Tell me about Wecando.biz, what is your business model? 

The site helps businesses engage with potential new customers. We use social networking methods to broker introductions between people with a need and those who offer a solution; and provide Social CRM tools to help progress those new relationships into customers.

Most of our site services are free, but we have premium level membership for those who want to more effectively profile and market to their network of contacts.

What is your target audience?

Typically senior staff in SME businesses, of which we have over 13,000 registered on the site.

How does your Twitter Sales Leads service work?

Our users tell us the Biz Needs lead matching tool on our website is invaluable in helping find new customers. But you can never have enough sales leads of course, so we now trawl the 27 million ‘tweets’ every day to find Twitter users posting a specific need which matches your business offering.

This is not just keyword searching, as we only return tweets that show a stated need or asking for a business to be recommended — real people with real needs which we put our users in touch with.

We provide the details behind the user and you can even reply from the page. The most promising leads can be saved into the integrated Social CRM system with a single click.

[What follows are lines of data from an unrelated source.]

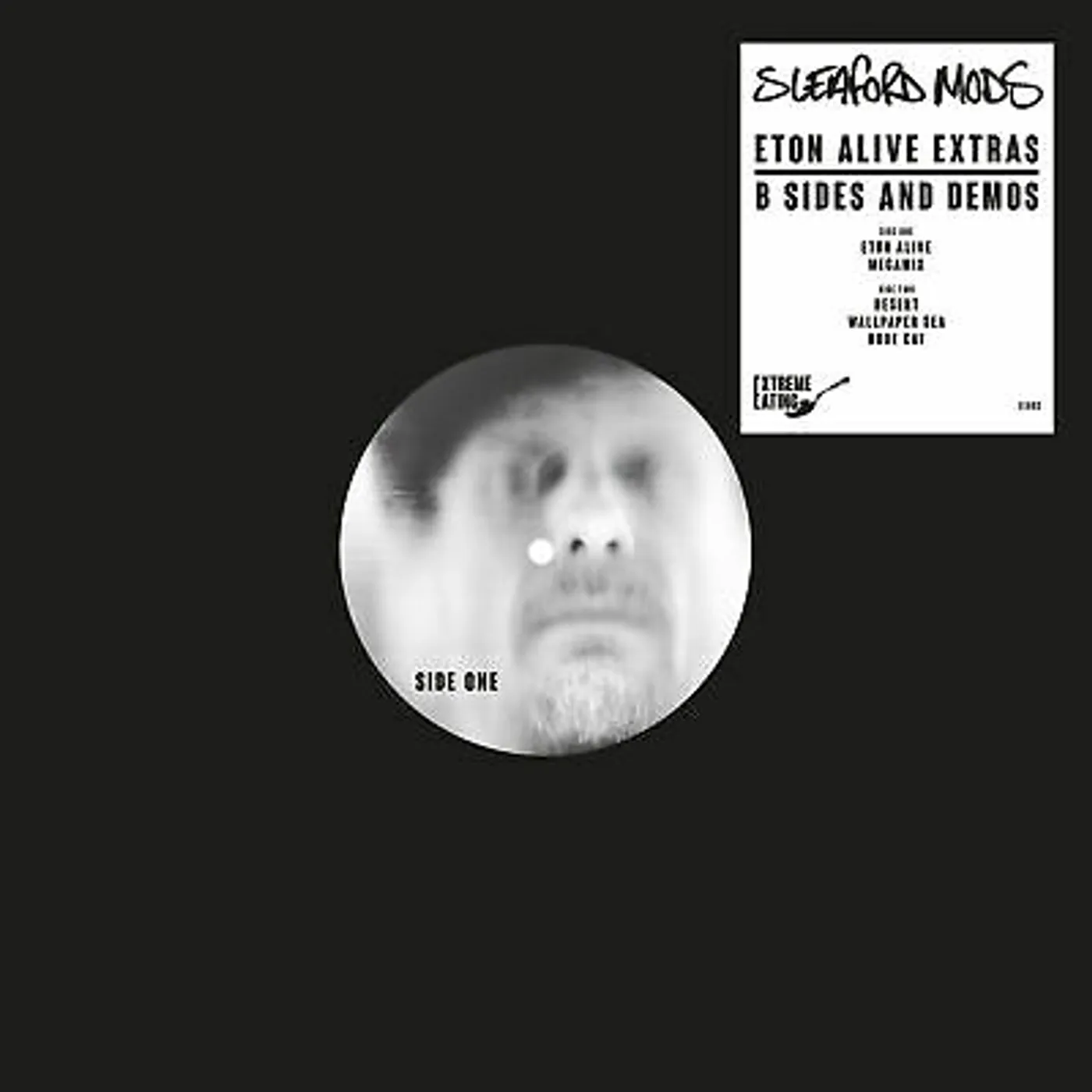 Sleaford Mods ETON ALIVE EXTRAS: B-SIDES & DEMO'S Vinyl Record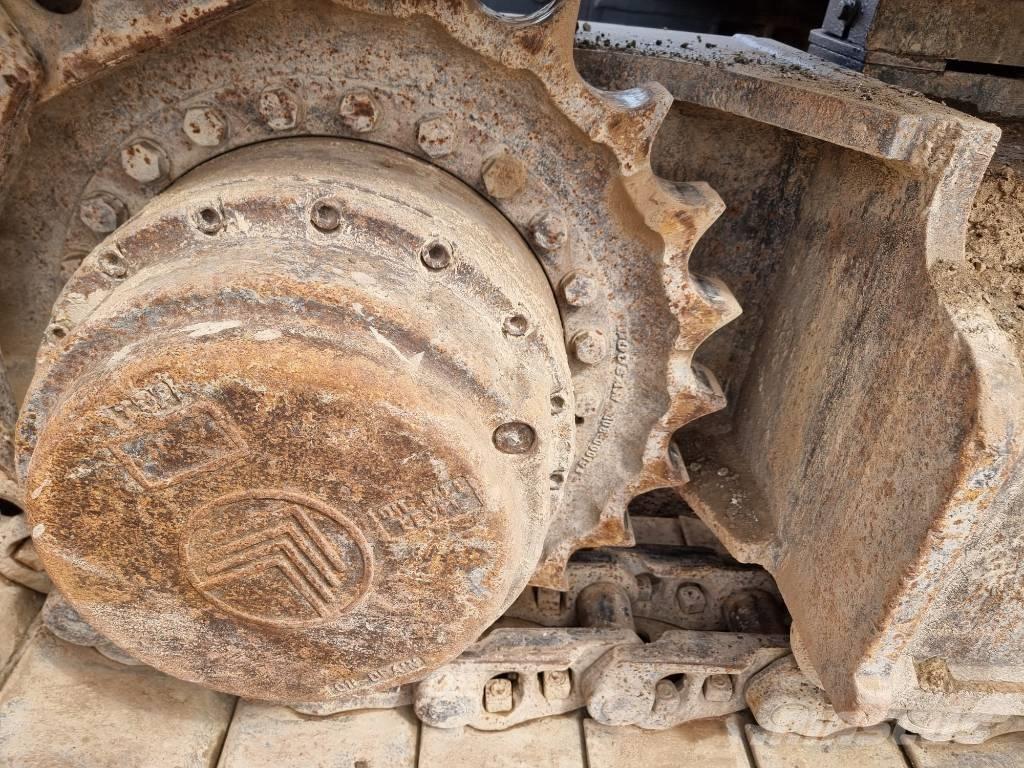 Doosan DX 520 LC Excavadoras sobre orugas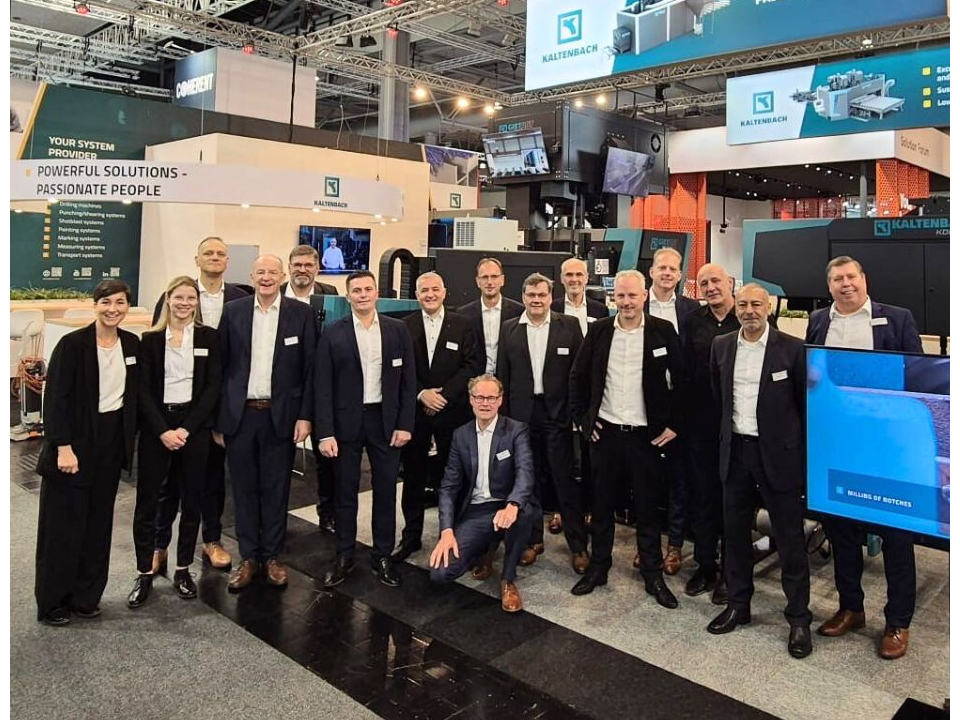 EuroBLECH 2024: Kaltenbach begeistert Messegäste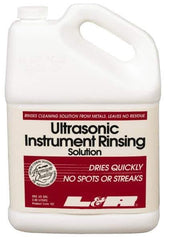 L&R Ultrasonic - 1 Gal Bottle Ultrasonic Cleaner - Solvent-Based - Industrial Tool & Supply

How effective is Twitter for generating sales leads?

Very. With Google you pay money to be at the top of listings on keywords. This gets you clicks. But you can’t bank clicks and probably only 2% of the people who make it to your website then fill out an enquiry form to tell you who they are and what they need. 

With the social web and sites like Twitter, users are tweeting details of what they need and asking for recommendations of businesses all day long; using the power of crowd sourcing; getting considered responses with recommendations attached that are impossible to mine from Google. 

Find and respond to these requests and you’re in immediate dialogue with the customer AND engaged in the sales cycle. Remember, that person has invited a response so they’ll welcome contact. 

Companies spend a fortune on Google advertising and yet many requests for contact on Twitter go unanswered. Our Twitter Sales Leads tool makes these opportunities easier to find and respond to.

You mentioned that Facebook won’t work for all businesses. Which kinds of business are doing well on Facebook? Why?

It works well for consumer brands but not for B2B. Most people sign up to Facebook to share and communicate with friends and family; they don’t use Facebook with a suit on. 

Many are reluctant to confirm work “friends” other than colleagues, because they don’t want to have to worry about what they post or what’s posted about them. You may well get them following your fan page if you have a brand like Audi, Apple or even McDonald’s, brands people are happy to be associated with.  But they’re unlikely to start high fiving their accountant or sporting a badge for their telecoms provider.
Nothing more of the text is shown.